Work item: Pictures are not part of the answer. Write out exactly the lines from the one containing "Free People Black" through the end of the material below.

Data block:
□ □ □ □

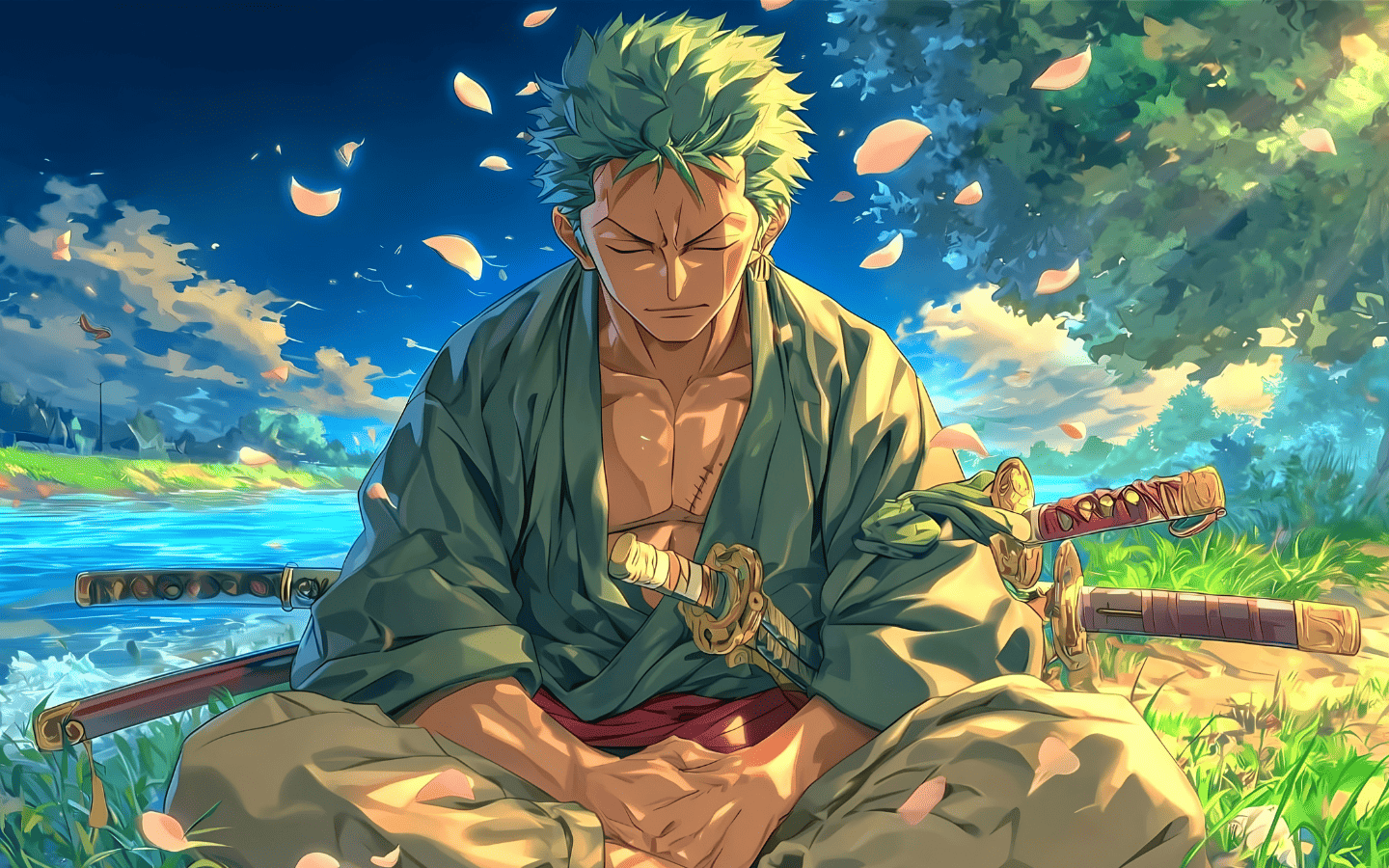Hình nền Zoro ngồi thiền 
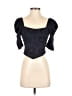 Free People Black Short Sleeve Blouse Size XS - photo 1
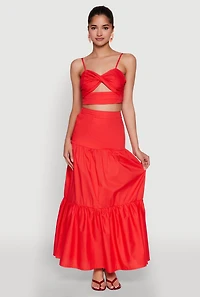 Womens Twist Front Zip Back Cropped Cami,
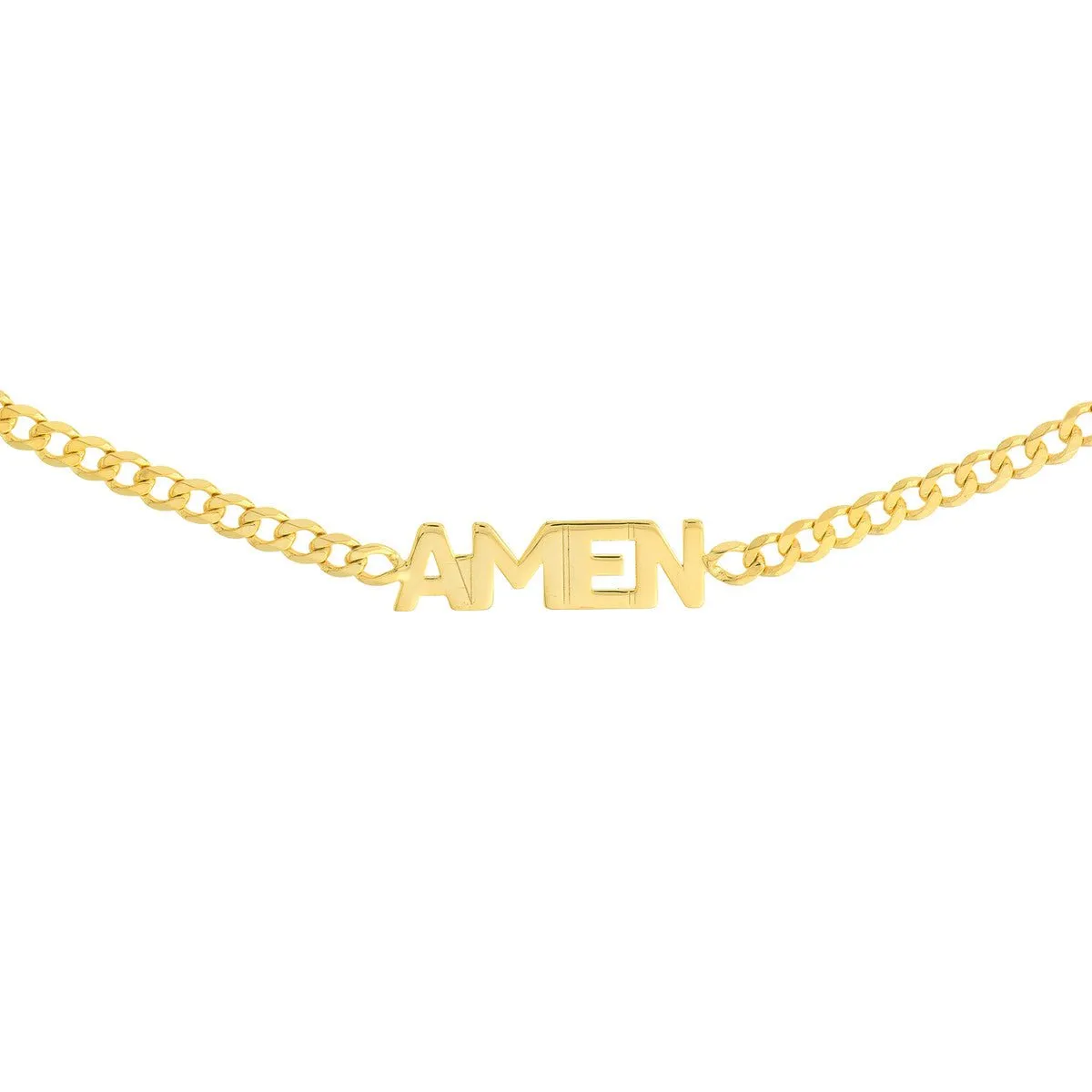14K Yellow Gold Amen Plate on Open Curb Chain Choker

□ □ □ □

Solution for this problem:
 Free People Black Short Sleeve Blouse Size XS - photo 1
 Womens Twist Front Zip Back Cropped Cami,
14K Yellow Gold Amen Plate on Open Curb Chain Choker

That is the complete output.